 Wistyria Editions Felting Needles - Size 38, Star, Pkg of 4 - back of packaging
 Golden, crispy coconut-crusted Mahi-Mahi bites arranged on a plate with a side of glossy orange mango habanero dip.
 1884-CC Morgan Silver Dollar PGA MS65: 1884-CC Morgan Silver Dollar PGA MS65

---

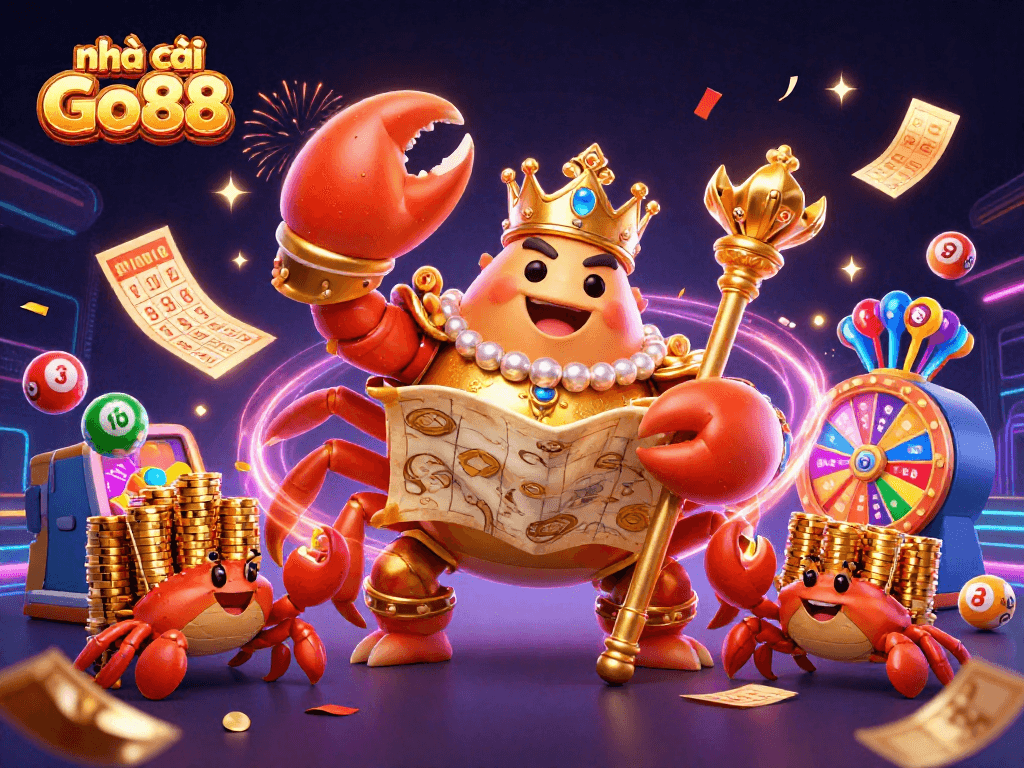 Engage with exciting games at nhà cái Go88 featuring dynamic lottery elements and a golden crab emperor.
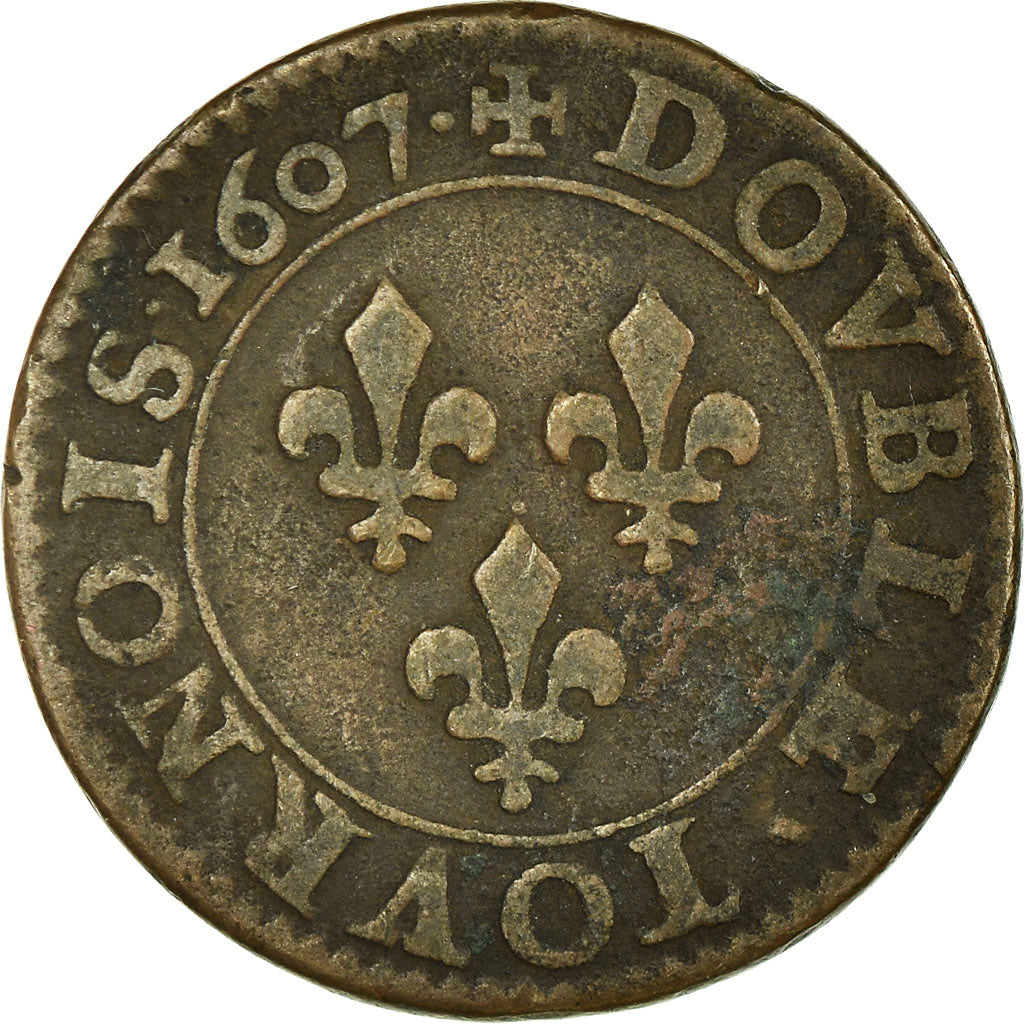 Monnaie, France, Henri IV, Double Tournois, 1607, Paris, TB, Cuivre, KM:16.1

## Exercise directions:
Return, word for word, the lines of the data above from the line with "Golden, crispy coconut-crusted" through the line with "1884-CC Morgan Silver Dollar PGA MS65: 1884-CC", inclusive.

## Written reply:
 Golden, crispy coconut-crusted Mahi-Mahi bites arranged on a plate with a side of glossy orange mango habanero dip.
 1884-CC Morgan Silver Dollar PGA MS65: 1884-CC Morgan Silver Dollar PGA MS65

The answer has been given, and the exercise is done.